United States v. Kyrell Wells
This text of United States v. Kyrell Wells (United States v. Kyrell Wells) is published on Counsel Stack Legal Research, covering Court of Appeals for the Eighth Circuit primary law. Counsel Stack provides free access to over 12 million legal documents including statutes, case law, regulations, and constitutions.
Opinion
United States Court of Appeals For the Eighth Circuit ___________________________
No. 23-3366 ___________________________
United States of America
Plaintiff - Appellee
v.
Kyrell Deshawn Wells
Defendant - Appellant ____________
Appeal from United States District Court for the Southern District of Iowa - Western ____________
Submitted: May 6, 2024 Filed: August 12, 2024 [Unpublished] ____________
Before SMITH, KELLY, and KOBES, Circuit Judges. ____________
PER CURIAM.
Kyrell Deshawn Wells sold 500 to 1,000 fentanyl pills a day in Omaha, Nebraska, from December 2021 until his arrest in August 2022. He pleaded guilty to conspiring to distribute 400 grams or more of a fentanyl mixture or 100 grams or more of a fentanyl-analogue mixture, 21 U.S.C. §§ 841(a)(1), (b)(1)(A), and 846. The district court 1 varied down from a Guidelines sentence of life in prison and imposed a 360-month sentence. Wells appeals, challenging the substantive reasonableness of his sentence.
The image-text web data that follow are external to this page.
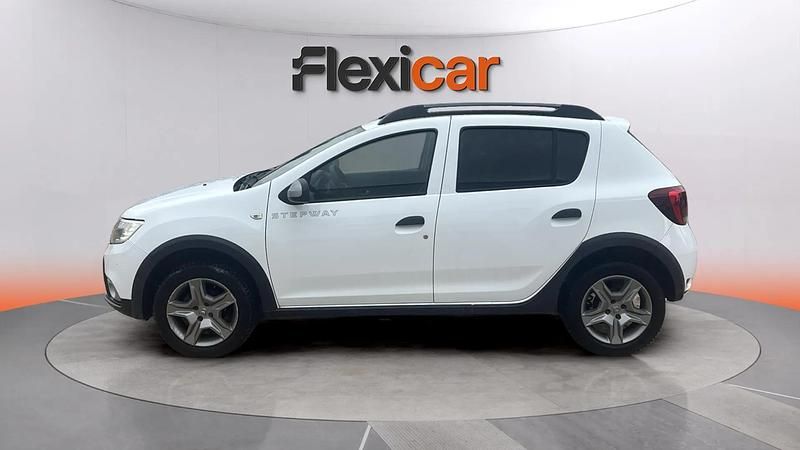 Usado Dacia Sandero Comfort 90 HP (66 kW) 2019 Branco Citadino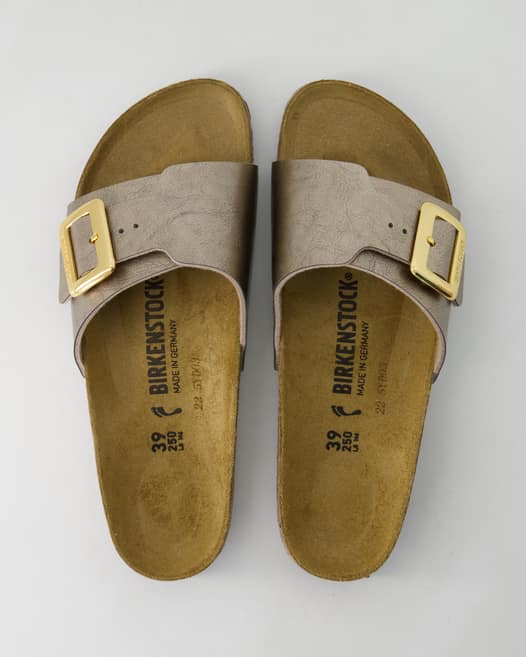 Birkenstock Catalina Cushion Buckle Pantoletten in Gold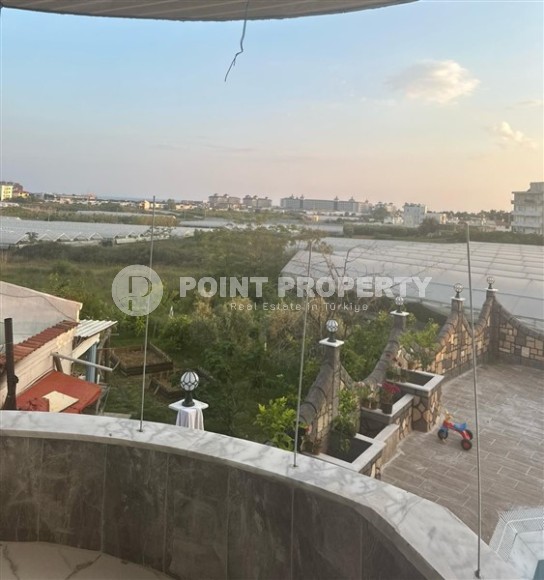 Two-storey villa 4+1 with a swimming pool and a garden plot, in a green, ecologically clean area of Alanya - Turkler-id-7685-photo-9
We review a sentence’s substantive reasonableness for abuse of discretion. United States v. Cullar, 104 F.4th 686, 690 (8th Cir. 2024). A district court abuses its discretion when it “fails to consider a relevant factor that should have received significant weight, gives significant weight to an improper or irrelevant factor, or commits a clear error of judgment in weighing the appropriate factors.” Id. (citation omitted). We presume that a below-Guidelines sentence is reasonable. United States v. Barraza, 982 F.3d 1106, 1116 (8th Cir. 2020).
Wells has not overcome that presumption. He argues that the district court gave too much weight to his “frivolous” challenges to the drug-quantity and leadership-role findings, his decision to not cooperate with the Government, and his obstructive conduct while in jail, while not giving enough weight to his personal characteristics. The district court explained that Wells’s failure to accept responsibility and his obstructive conduct led to a higher offense level, see U.S.S.G. §§ 3E1.1, 3C1.1, and distinguished Wells from his codefendants who had received shorter sentences. The record also shows that the district court considered Wells’s relative youth—he was only twenty at sentencing—and his upbringing, which was filled with substance abuse, physical and emotional abuse, and gun violence. What drove Wells’s sentence was his lengthy criminal history and his “horrifyingly high guideline range,” not any clear error in judgment in weighing the sentencing factors.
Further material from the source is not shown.